Each process thinks it has 64 bits of free memory! The fools! In reality, memory is split into pages (4KiB by default?), and the Memory Management Unit/MMU maintains a "page table" for each process. On the left side of the table are Virtual Page Numbers, and on the right side are Physical Page Numbers. The table also contains, for example, permissions (read/write/execute) and information about pages that are swapped out to disk.

The MSBs of the virtual address refer to the page number, and the LSBs refer to the page offset.

Although page tables are stored in memory, VPN-to-PPN translation is performed by hardware in the MMU. When the MMU encounters a VPN that is not mapped to a PPN, eg it's swapped out, then it triggers a fault and jumps to a handler in the kernel which loads the page into physical memory, updates the page table, then restarts the failed instruction, at which point the MMU does a normal lookup.

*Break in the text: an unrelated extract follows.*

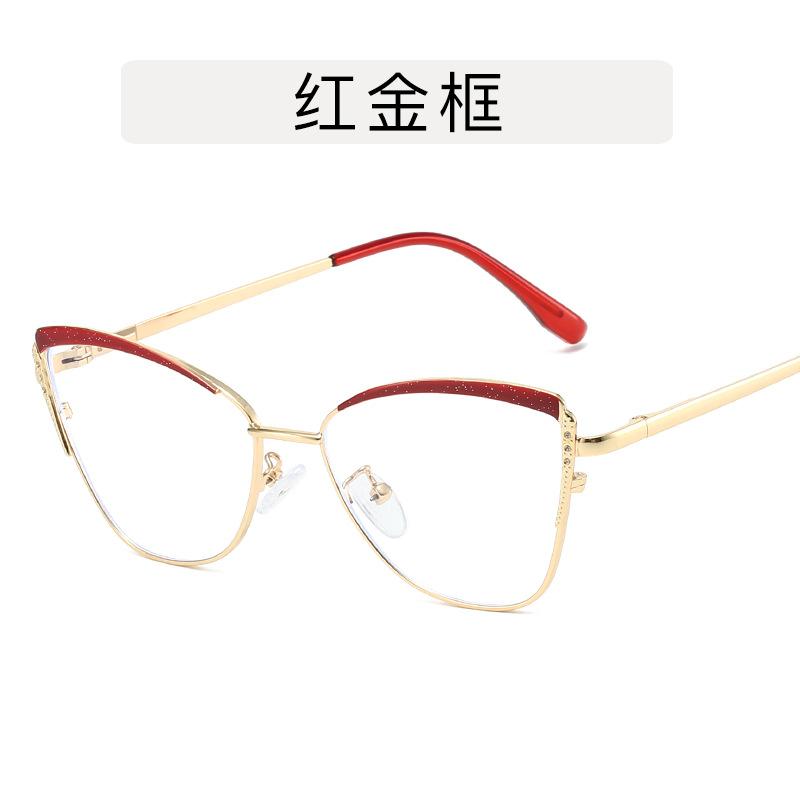 

Новые Модные Женские Очки Формы Кошачий Глаз Очки с Оправой Защищающие от Синего Света Европейский Американский Стиль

The kernel can see and modify page tables; it's just memory!

Header bytes count as internal fragmentation for purposes of the exam. So, if you have an 8-byte header on each page, then all pages have at least 8 bytes of internal fragmentation.

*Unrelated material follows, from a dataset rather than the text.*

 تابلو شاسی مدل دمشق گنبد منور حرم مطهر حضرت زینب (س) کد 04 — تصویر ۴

5.3.1 Hierarchical Page Tables

If the process can theoretically access any element in its virtual memory, there needs to be a page table entry for every virtual page number. But that's a lot. If you have 4 KiB pages and a 64-bit address space, then that's…2⁶⁴ B/(4KiB) = 2⁵² entries! And you need a page table for each process, so this is clearly infeasible. The solution is a hierarchical page table; a modern x86 system will have 4 levels. Rather than being broken up into simply a page number and offset, addresses are broken up into 4 different page numbers and then a offset. Furthermore, the page tables are themselves stored as pages in memory, so they can be easily allocated and deallocated. There will be a greater number of tables at the inner levels than the outer ones. When a new VPN-PPN mapping is created, new page tables may need to be created.

Hierarchical Page Tables are how page tables can be sparse; because each outer table keeps track of whether each next inner table exists in some management bits.

5.3.2 Translation Lookaside Buffer

A cache for the page table. Each entry is about the same as a page table entry, but it is much like a CPU memory cache in that it has associativity and is a lot smaller than the page table. There's also only one level, so it avoids multiple memory lookups.

Just like with memory caches, the TLB splits up the virtual page number into tag bits and offset bits, based on the size of the TLB.

5.4 Allocators

5.4.1 Free List

Implicit Free List: Each block of memory (allocated or unallocated) stores its size in a header at the beginning of a block. To find an available block, you have to iterate through the blocks.
Explicit Free List: Each free block has a pointer to the next free block.

5.4.2 Strategies

First Fit: Look for the first block in memory that's at least as large as the requested size.
Next Fit: Look for the next block in memory, after the block that was most recently allocated, that's at least as large as the requested size.
Best Fit: Find the available block that is closest to the requested size.

5.4.3 Headers and Footers

Each allocated or free chunk of memory starts with a header and ends with a footer. Both header and footer contain the size of the chunk and whether it is free. "Boundary Tags" is the collective term for header and footer.